Greece edges closer to an exit from the Euro as Germany gets ready to push

20.02.2015 - Tony Robinson

This post is also available in: Italian

Greece edges closer to an exit from the Euro as Germany gets ready to push
Could the Euro be replaced by the New Drachma in Greece? (Image by Pavlos Vatikiotis (https://www.behance.net/gallery/6080677/New-Greek-Drachma))

The game currently being played by members of the Eurozone to see who will change position first is coming into its final days.

Greece is asking for time to come up with a new plan and to receive financing to act as a bridge between the old arrangement and a new one. According to Wolfgang Schäuble, the German Finance Minister, the question is whether Greece will extend the current bailout scheme with all the existing austerity measures. But Germany just isn’t listening because Greece has repeated time and again that there will be no extension to the existing scheme. Whatever will come next will be different and won’t be a bailout.

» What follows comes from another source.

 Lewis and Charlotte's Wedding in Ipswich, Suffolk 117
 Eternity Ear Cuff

Yanis Varoufakis seems to be doing absolutely everything he can to keep Greece in the Euro except extending the bailout and he has the support of the Greek people behind him, with recent polls suggesting more than 70% support for the government’s position in talks.

In a meeting of the Eurogroup back on the 11th of February Varoufakis expressed the Greek government’s commitment to continue with reforms in Greece.

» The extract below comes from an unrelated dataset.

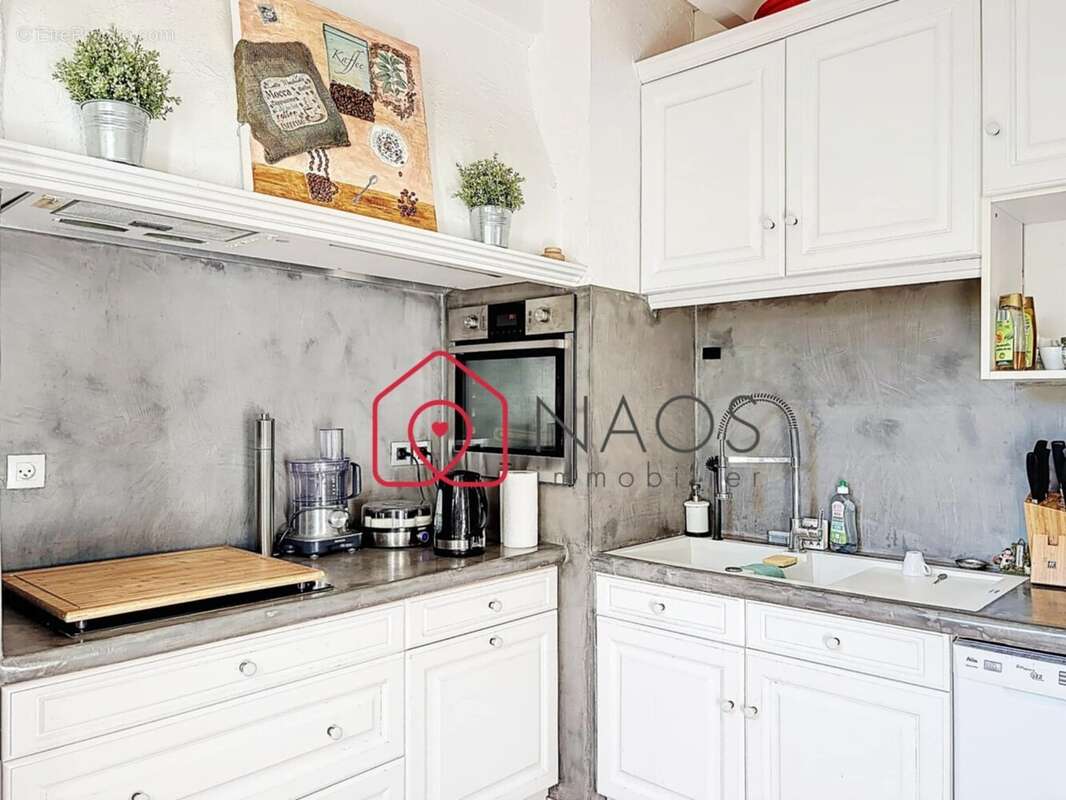 Maison à CAVALAIRE-SUR-MER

“Our government will be the most reform-oriented government in Greek modern history, and among the most enthusiastic reformers in Europe. Why? Simply because we are not tied to any interest groups. We will deliver results for the people, not for friends or patrons.”

“We stand ready to support structural reforms previously agreed with our Eurogroup partners with regard to tax collection, public financial management, public administration reform, improvement of the business climate, reform of the judiciary, spatial planning and the fight against rent-seeking[1]. They are fully consistent with our political mandate, and we will even accelerate them.”

“We will take unprecedented action to fight corruption, to fight tax evasion and ensure tax enforceability…”

He explained how the government wants to adjust the country’s economy.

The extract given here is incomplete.